Using the data below, restate exactly every line from the one with "Canon EOS 100D смотреть онлайн" up to and including the one with "DPPhotography - Corsica". No picture belongs in it.

### TASK INPUT
- Opening Delimiter -

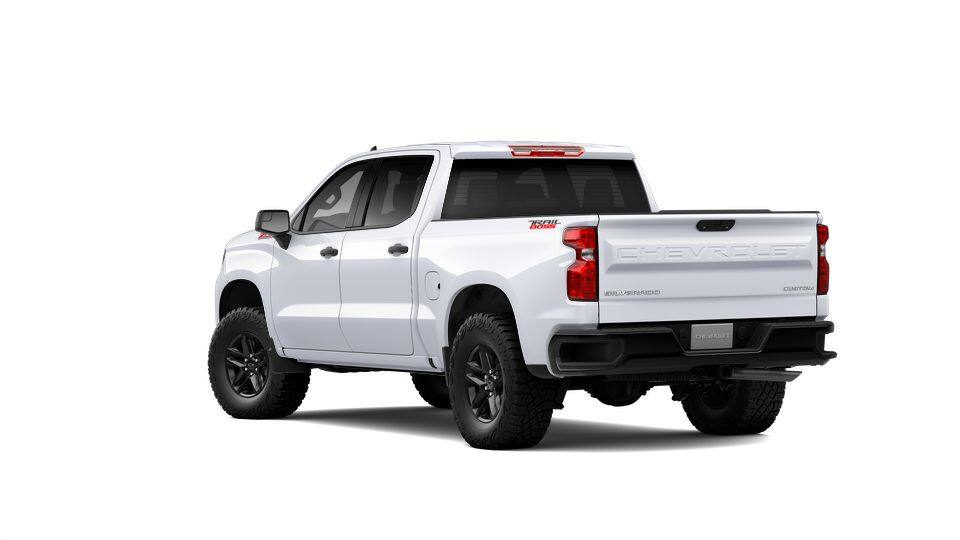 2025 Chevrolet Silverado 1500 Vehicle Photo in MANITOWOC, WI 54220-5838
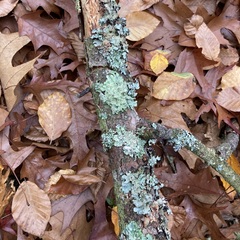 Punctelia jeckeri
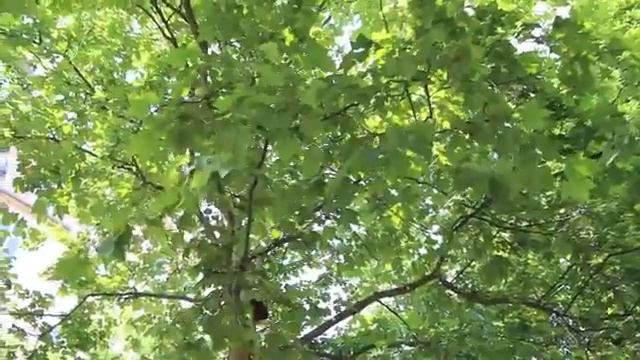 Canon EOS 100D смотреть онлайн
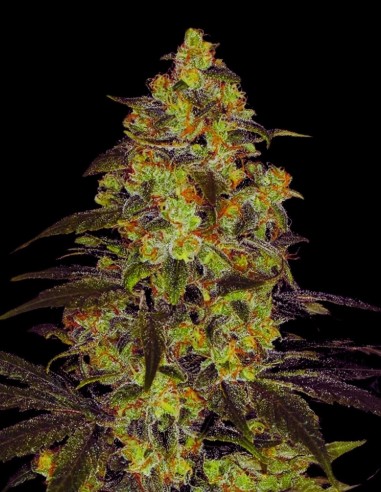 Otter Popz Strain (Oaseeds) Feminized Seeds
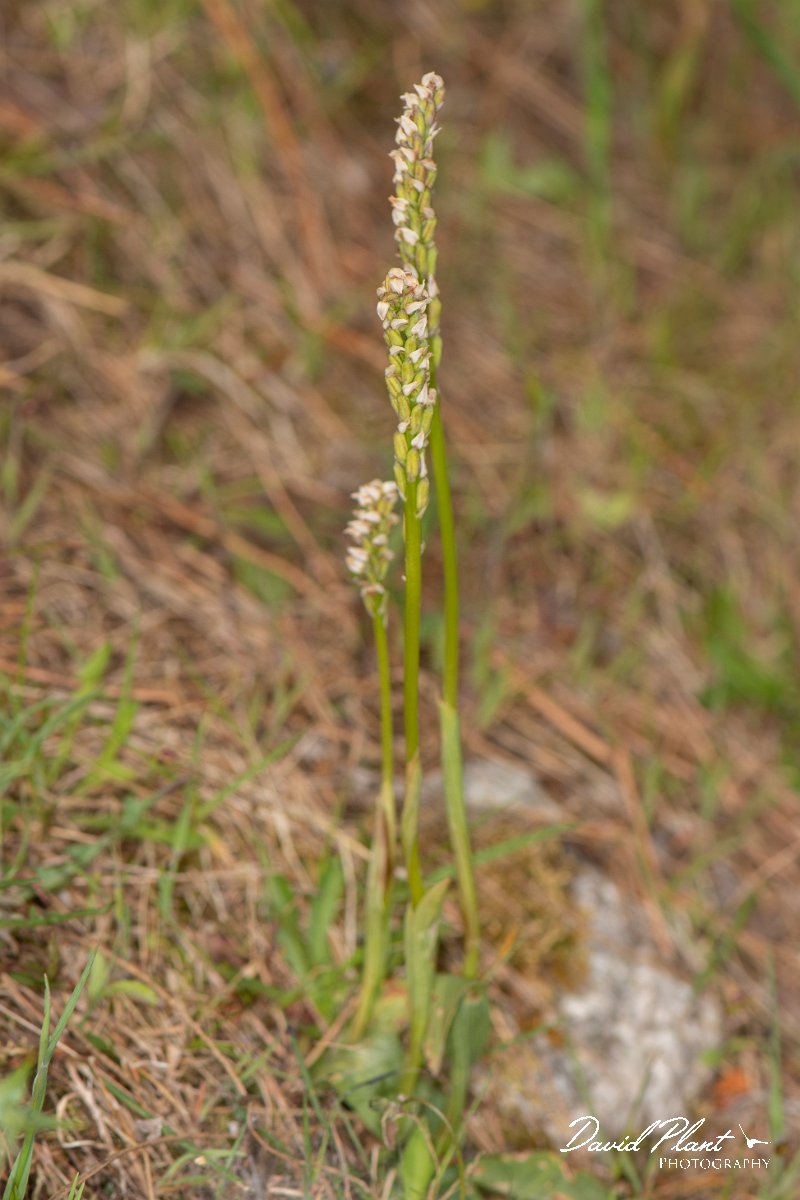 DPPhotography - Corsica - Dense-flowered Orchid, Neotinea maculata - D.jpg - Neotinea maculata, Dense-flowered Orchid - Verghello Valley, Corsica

- Closing Delimiter -
- Opening Delimiter -

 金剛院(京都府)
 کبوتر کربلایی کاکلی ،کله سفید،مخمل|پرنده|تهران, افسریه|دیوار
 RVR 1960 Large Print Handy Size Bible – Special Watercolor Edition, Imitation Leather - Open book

- Closing Delimiter -

### RESPONSE AREA
 Canon EOS 100D смотреть онлайн
 Otter Popz Strain (Oaseeds) Feminized Seeds
 DPPhotography - Corsica - Dense-flowered Orchid, Neotinea maculata - D.jpg - Neotinea maculata, Dense-flowered Orchid - Verghello Valley, Corsica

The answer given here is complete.